Tavares saw his total remuneration reach 5.24 million euros ($5.9 million) for 2015, including his fixed and variable salary and long-term incentives, up from 2.75 million euros in 2014, according to the company's annual report.
The increase has sparked criticism in France with Finance Minister Michel Sapin calling it "harmful" and saying the two PSA board representatives of the French state, which owns 14 percent of the carmaker, voted against the increase.
Tavares said on Wednesday he did not think the increase would disrupt upcoming labor talks with PSA trade unions.
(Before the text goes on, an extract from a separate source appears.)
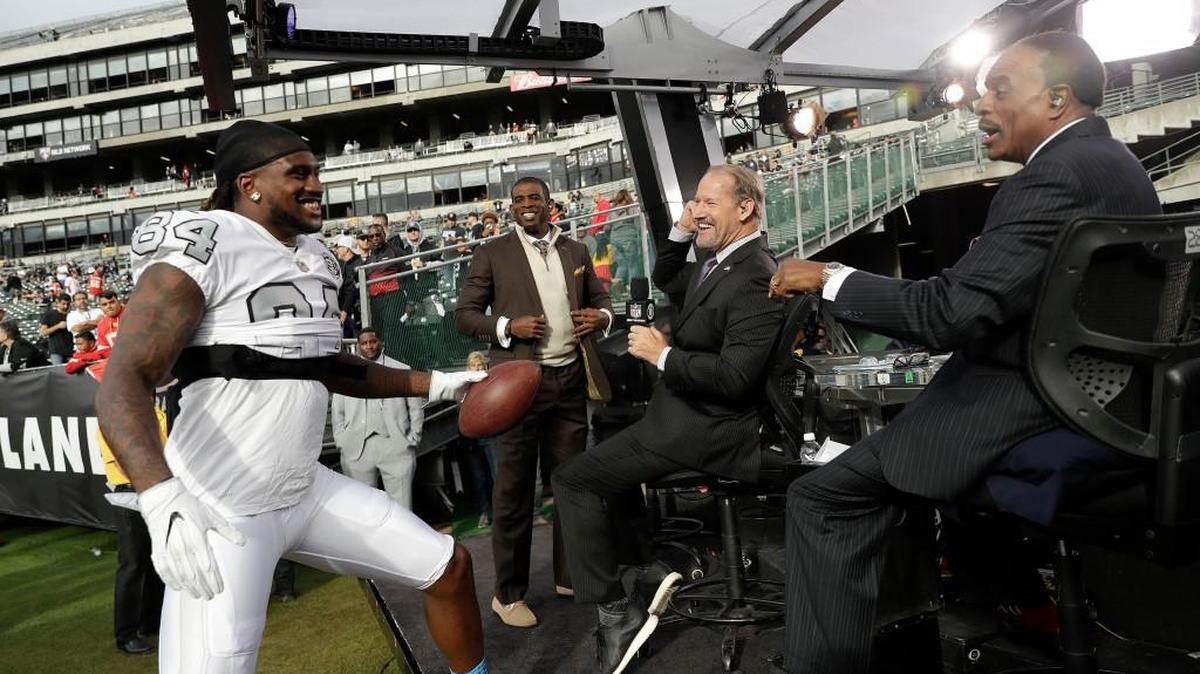Oakland Raiders wide receiver Cordarrelle Patterson (84) greets broadcasters Deion Sanders, from center, Bill Cowher and James Brown before an NFL football game between the Raiders and the Kansas City Chiefs in Oakland, Calif., Thursday, Oct. 19, 2017.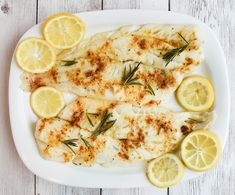 fish with lemons and herbs on a white plate next to some slices of lemon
Unions have criticized Tavares for accepting a pay increase while cutting thousands of jobs in France.
Valls called Tavares a "great leader," who had helped PSA return to profitability, but added: "the sentiment of not being connected to the reality experienced by the French people and staff, is a bad signal."
Tavares left competing carmaker Renault to take the top job at PSA in early 2014 and lead the Paris-based company’s efforts to return to profit.
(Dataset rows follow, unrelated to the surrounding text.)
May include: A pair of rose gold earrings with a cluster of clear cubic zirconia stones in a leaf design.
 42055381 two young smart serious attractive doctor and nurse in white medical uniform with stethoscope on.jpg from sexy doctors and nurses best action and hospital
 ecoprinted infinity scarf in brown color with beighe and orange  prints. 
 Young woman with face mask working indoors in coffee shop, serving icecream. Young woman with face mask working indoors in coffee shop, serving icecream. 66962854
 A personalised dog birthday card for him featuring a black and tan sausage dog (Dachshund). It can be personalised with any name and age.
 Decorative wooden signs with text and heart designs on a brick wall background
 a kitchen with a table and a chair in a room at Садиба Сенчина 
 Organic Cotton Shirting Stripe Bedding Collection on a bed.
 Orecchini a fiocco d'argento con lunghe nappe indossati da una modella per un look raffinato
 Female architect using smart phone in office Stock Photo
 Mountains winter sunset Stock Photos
The turnaround included a bailout that involved stake sales to France and Chinese manufacturing partner Dongfeng Motor Corp.
PSA posted its first full-year profit in three years in 2014, and last year earnings at the automotive division amounted to 5 percent of revenue, more than double the 2 percent margin goal for 2018.
Ghosn, Zetsche paid more
Tavares “isn’t paid as much, if we compare him with other carmakers,” a PSA spokeswoman said. “The pay is linked to the performance of the group and its recovery.”
Tavares' total pay compares with remuneration of 7.25 million euros last year for Renault CEO Carlos Ghosn and 9.7 million euros for Daimler CEO Dieter Zetsche.
Top European automaker Volkswagen Group, which has yet to announce figures for 2015, paid then-CEO Martin Winterkorn 15.9 million euros two years ago.
France also owns a stake in Renault, and the state’s representatives on the board opposed Ghosn’s pay level, which held steady last year after almost tripling in 2014, for the past two years.